Exercise description -
An exact copy of the data is required, with no pictures in it.

** Opening Provided entries block **

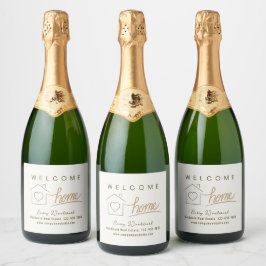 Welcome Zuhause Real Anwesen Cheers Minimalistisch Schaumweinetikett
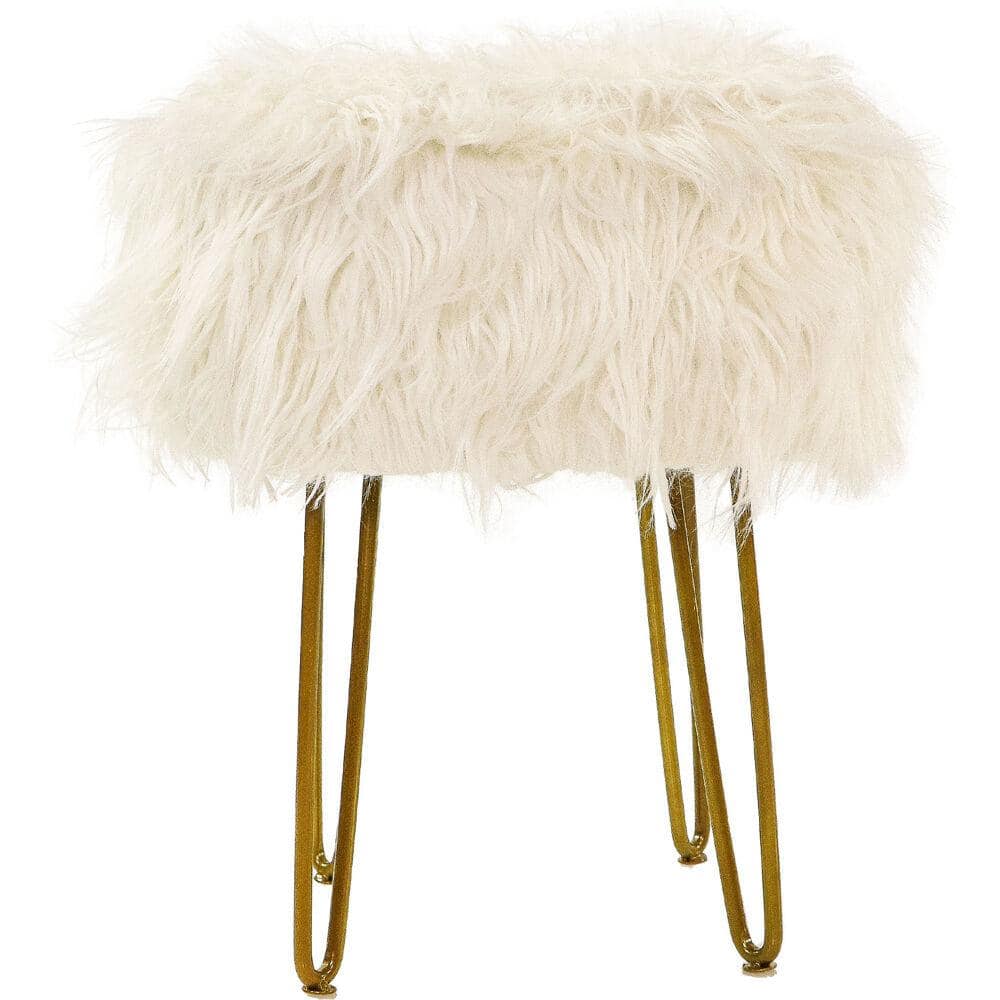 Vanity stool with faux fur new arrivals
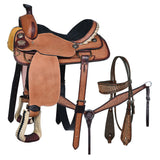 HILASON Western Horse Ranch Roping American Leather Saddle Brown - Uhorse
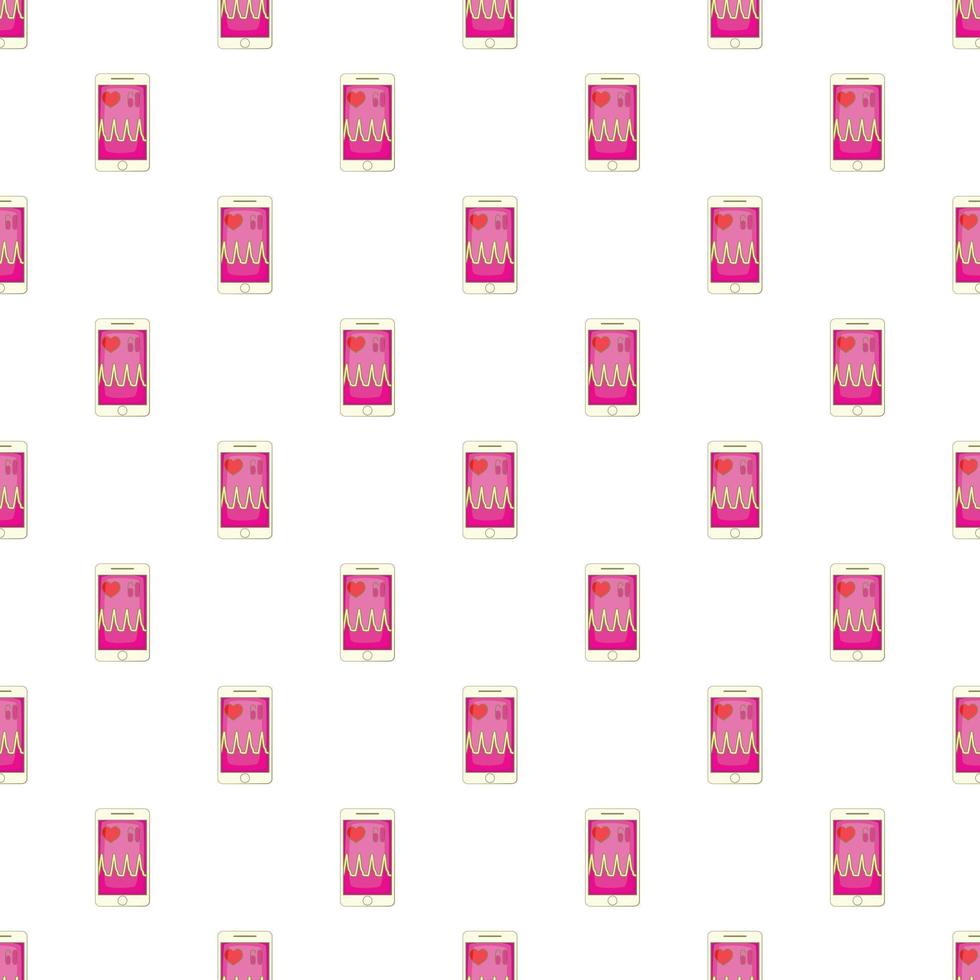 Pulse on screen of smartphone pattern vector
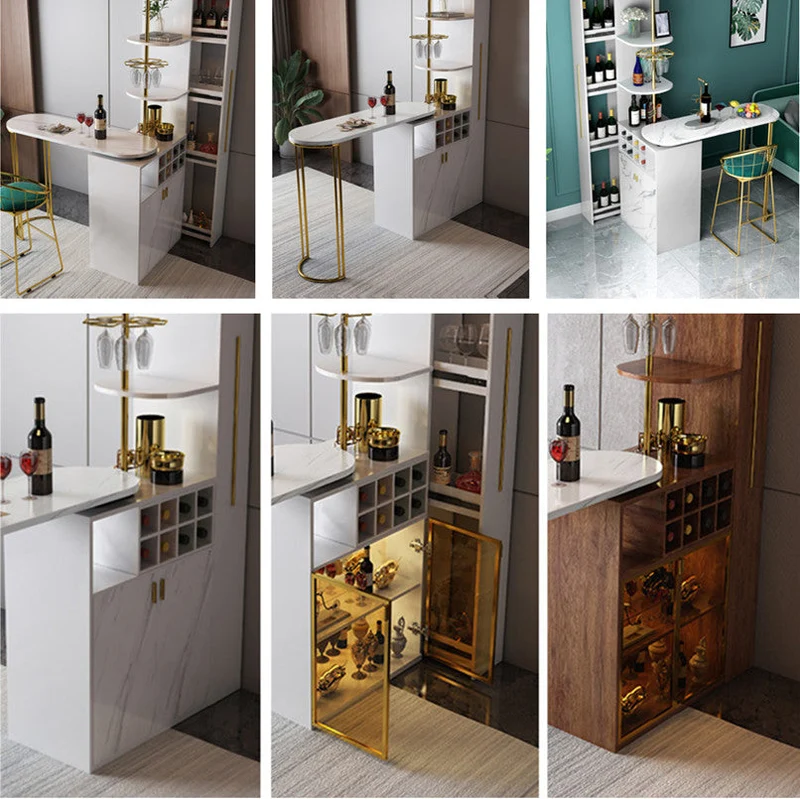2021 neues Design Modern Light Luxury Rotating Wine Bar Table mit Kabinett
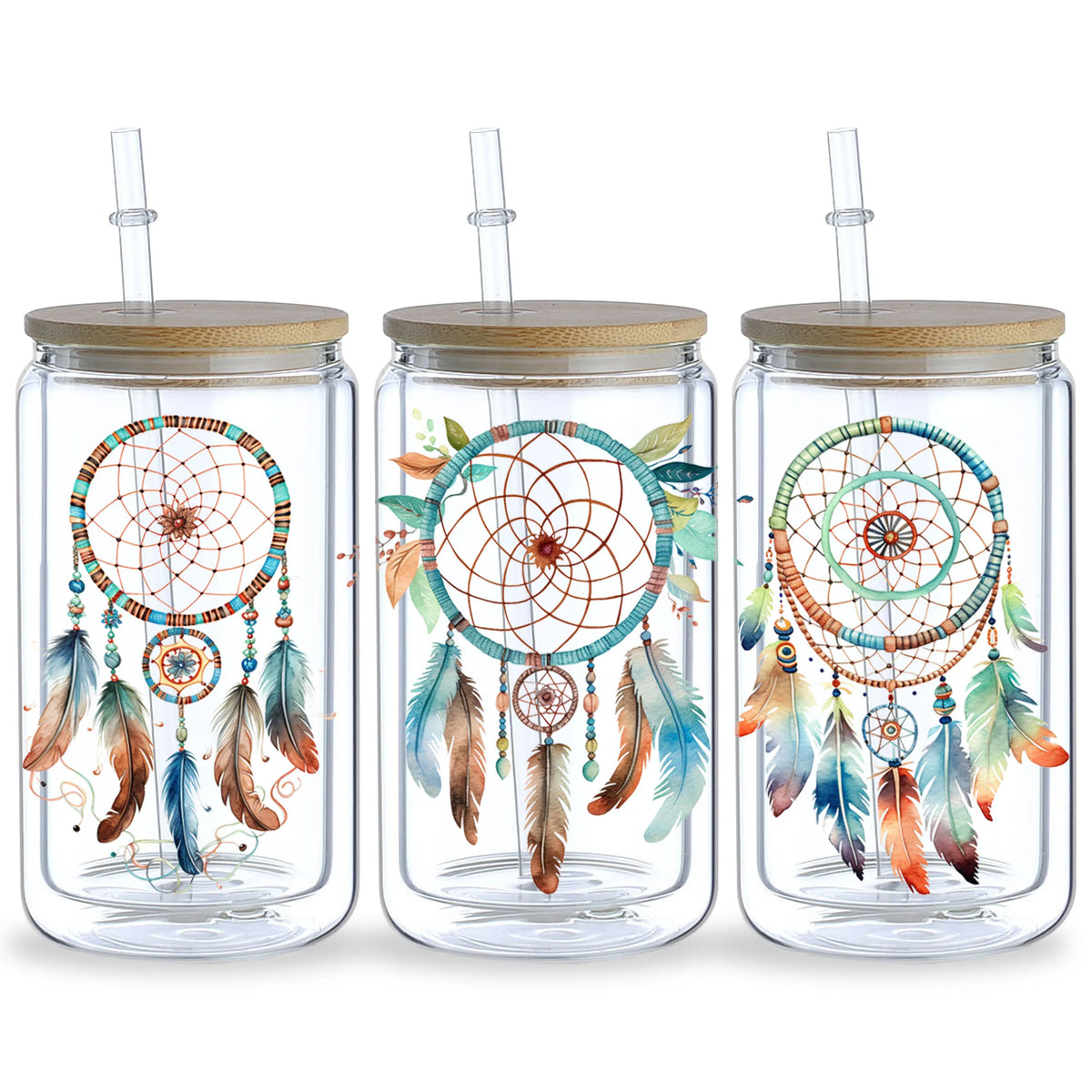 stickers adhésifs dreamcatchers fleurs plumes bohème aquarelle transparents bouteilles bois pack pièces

** Closing Provided entries block **

Written answer -
 Welcome Zuhause Real Anwesen Cheers Minimalistisch Schaumweinetikett
 Vanity stool with faux fur new arrivals
 HILASON Western Horse Ranch Roping American Leather Saddle Brown - Uhorse
 Pulse on screen of smartphone pattern vector
2021 neues Design Modern Light Luxury Rotating Wine Bar Table mit Kabinett
 stickers adhésifs dreamcatchers fleurs plumes bohème aquarelle transparents bouteilles bois pack pièces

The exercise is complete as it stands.